In the meantime, he has the Toyota Land Cruiser Invincible: top of the range (£57,680), with seven seats and five doors, one of which is a tailgate, so you can load a fridge or a small horse. The Land Cruiser is one of the original SUVs, seventy years old this year – only two years older than the first Land Rover Defender – and capable of driving half a million miles. For this reason, it is very popular in Australia. It is also popular in Africa, with aid agencies and armies, and also with mercenaries, who find they can mount weapons on the back if they move the small horse to the front seat.

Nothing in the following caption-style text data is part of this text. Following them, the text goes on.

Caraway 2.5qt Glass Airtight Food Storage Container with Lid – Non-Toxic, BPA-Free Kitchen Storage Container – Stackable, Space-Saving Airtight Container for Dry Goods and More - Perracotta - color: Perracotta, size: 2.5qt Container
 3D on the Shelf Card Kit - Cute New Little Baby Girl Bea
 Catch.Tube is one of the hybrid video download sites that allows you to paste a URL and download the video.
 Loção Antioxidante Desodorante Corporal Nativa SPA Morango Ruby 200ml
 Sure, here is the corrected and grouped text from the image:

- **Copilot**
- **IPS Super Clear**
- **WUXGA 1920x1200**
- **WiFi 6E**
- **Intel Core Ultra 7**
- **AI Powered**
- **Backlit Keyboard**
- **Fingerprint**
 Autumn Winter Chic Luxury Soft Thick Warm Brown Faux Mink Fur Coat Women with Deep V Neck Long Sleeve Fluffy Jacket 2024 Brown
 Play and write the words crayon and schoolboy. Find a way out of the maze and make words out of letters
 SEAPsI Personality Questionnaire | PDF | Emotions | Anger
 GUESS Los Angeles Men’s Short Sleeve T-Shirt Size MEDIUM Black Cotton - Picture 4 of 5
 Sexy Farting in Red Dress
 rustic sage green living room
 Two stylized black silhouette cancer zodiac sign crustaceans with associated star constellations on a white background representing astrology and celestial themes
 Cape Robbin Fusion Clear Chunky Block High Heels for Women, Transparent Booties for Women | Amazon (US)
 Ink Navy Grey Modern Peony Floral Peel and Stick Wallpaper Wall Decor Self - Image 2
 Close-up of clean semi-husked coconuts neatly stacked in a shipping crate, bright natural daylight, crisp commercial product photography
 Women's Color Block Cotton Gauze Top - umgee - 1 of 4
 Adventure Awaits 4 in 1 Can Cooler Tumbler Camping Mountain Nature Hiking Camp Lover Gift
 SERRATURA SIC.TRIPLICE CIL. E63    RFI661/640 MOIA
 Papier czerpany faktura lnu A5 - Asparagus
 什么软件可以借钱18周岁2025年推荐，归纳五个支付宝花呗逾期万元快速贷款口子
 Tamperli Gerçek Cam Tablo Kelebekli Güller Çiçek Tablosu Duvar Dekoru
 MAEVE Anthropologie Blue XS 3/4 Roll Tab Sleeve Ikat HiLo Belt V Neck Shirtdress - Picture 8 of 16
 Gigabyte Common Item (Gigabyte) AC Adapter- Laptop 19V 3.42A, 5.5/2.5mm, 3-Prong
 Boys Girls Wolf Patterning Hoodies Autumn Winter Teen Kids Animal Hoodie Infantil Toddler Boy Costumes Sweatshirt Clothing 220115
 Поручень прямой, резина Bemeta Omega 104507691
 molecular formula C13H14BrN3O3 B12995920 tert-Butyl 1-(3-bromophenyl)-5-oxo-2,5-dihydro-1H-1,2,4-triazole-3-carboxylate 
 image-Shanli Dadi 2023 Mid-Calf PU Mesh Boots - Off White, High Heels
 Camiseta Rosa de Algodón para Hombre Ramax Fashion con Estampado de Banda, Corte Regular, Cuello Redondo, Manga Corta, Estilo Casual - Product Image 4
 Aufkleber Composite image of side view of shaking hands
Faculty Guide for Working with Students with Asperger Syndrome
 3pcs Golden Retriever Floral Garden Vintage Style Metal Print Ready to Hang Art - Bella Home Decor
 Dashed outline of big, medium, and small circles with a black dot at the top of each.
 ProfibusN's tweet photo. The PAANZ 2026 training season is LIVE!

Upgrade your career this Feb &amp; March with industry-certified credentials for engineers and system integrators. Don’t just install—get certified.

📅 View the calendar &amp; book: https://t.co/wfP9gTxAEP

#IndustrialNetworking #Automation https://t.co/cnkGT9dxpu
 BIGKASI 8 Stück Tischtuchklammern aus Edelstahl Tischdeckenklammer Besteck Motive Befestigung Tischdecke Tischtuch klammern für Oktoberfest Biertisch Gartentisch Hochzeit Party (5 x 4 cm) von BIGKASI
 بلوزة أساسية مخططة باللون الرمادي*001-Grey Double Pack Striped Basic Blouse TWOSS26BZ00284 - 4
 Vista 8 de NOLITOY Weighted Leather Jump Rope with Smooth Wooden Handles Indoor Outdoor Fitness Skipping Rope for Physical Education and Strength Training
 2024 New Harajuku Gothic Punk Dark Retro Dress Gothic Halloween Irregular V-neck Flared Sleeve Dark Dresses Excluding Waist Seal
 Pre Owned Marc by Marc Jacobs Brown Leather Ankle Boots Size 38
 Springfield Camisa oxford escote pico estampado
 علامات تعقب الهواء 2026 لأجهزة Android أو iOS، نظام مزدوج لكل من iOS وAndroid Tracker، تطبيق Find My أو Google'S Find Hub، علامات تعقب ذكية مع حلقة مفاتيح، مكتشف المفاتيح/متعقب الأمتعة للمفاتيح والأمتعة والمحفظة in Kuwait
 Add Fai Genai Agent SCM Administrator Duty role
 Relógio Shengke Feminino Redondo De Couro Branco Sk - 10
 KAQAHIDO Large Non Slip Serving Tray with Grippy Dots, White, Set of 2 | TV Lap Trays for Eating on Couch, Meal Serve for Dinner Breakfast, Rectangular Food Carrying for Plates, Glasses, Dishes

These cars are unimaginably tough under the trinkets that now gild them. They were designed as vehicles of war. The Mercedes G-Wagon was made for the Shah of Iran, for all the good it did him. Now, for most, they are vehicles of pleasure, which is decadent and insane. Civilians wanted them from the beginning for their off-road possibilities. I don’t know why so many don’t leave tarmac. (My excuse is insurance, and squeamishness. On the only press trip in which I have gone off road, a fellow journalist ran over a cat on a mountain, and in perfect driving conditions.)
The Invincible can tow three tonnes, stand on a mountain without being winched there, and plausibly ford a river: it is the best off-road vehicle to be found. What Car magazine held a competition in a quarry, and the Land Cruiser won, as in No Time to Die. Hence the love for it in Australia.

I do not ford a river, or climb a mountain, or load a horse into the Toyota Invincible. I fail most cars. I could only bring myself to do 98mph in the Bentley GT at Goodwood before indicating into the pit lane, and that was with a racing driver beside me, assuring me there was no incoming traffic. And I fail this one. I drive my husband’s aunt from Swindon to west Cornwall with a load of plum jam that does not weigh three tonnes. Even so, I have long believed that you do not drive a car these days; the market, with its profusion, insists that you wear it. And the Invincible is armour; armour that I do not need, but armour still. I thought of Ellen Ripley in Aliens, beating an alien while dressed as a car. I do not have the alien. But I have the armour.
We process on the M4 as, with shark and mackerel, smaller cars get out of my way. What choice do they have? The Invincible is immensely high, and solid, and unpretentious, and easy to drive. If you believe that cars have personalities – or at least can be projected onto, indeed invite it – I find it comforting, like a weapon.
Other SUVs are more beautiful, and stylish; more plush and silent. But none have quite the possibilities of the Invincible, even if I do not use them.